Rep. Jerry Weller (R-Ill.) is set to announce his retirement in the near future, two Republican sources tell the Tribune. One of the sources said the announcement could come as early as tomorrow.
Weller's spokesman did immediately not return a call seeking comment.
Weller, a seven-term incumbent, has faced questions about his re-election intentions all month, following a Tribune investigation that revealed he failed to disclose several land transactions in Nicaragua on his congressional ethics forms.
The Tribune also reported last week that a charity formed by Weller's wife, Zury Rios de Weller of Guatemala, raised questions about whether Weller could legally exclude her assets from his congressional filings.
As noted above, Weller's district, Illinois 11th (Western Chicago suburbs and some of Central Illinois), is only marginally Republican in its make up. According to the Cook Political Report's Partisan Voting Index it leans only about a point more Republican than the nation as a whole in presidential elections. As the Report (subsription required; .pdf) noted back in May, "[T]his is not a safely Republican district. There are 38 Democrats who sit in districts that have a PVI equal to or more Republican than this one." What's more, the Report also pointed out that Will County, which makes up about half of the district's vote, has seen a shift in recent years from the Republicans to the Democrats, with Rod Blagojevich, for instance, increasing his vote share from 44 percent to 52 percent in the county from 2002 to 2006.
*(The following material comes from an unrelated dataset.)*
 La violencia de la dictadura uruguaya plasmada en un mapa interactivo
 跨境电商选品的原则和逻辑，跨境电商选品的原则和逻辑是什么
While this may be one of those rare situations in which it is better for the incumbent party not to have the incumbent on the ballot due to ethics or corruption issues, this news still comes as a blow to the House GOP, which is desperately trying to limit the number of open seat races it must defend -- particularly in highly competitive districts. While the Democrats are no doubt going to need to find a strong candidate to run in the district if they hope to win, I'd probably put money on the Democrats to pick up this seat before I would on the Republicans to hold it.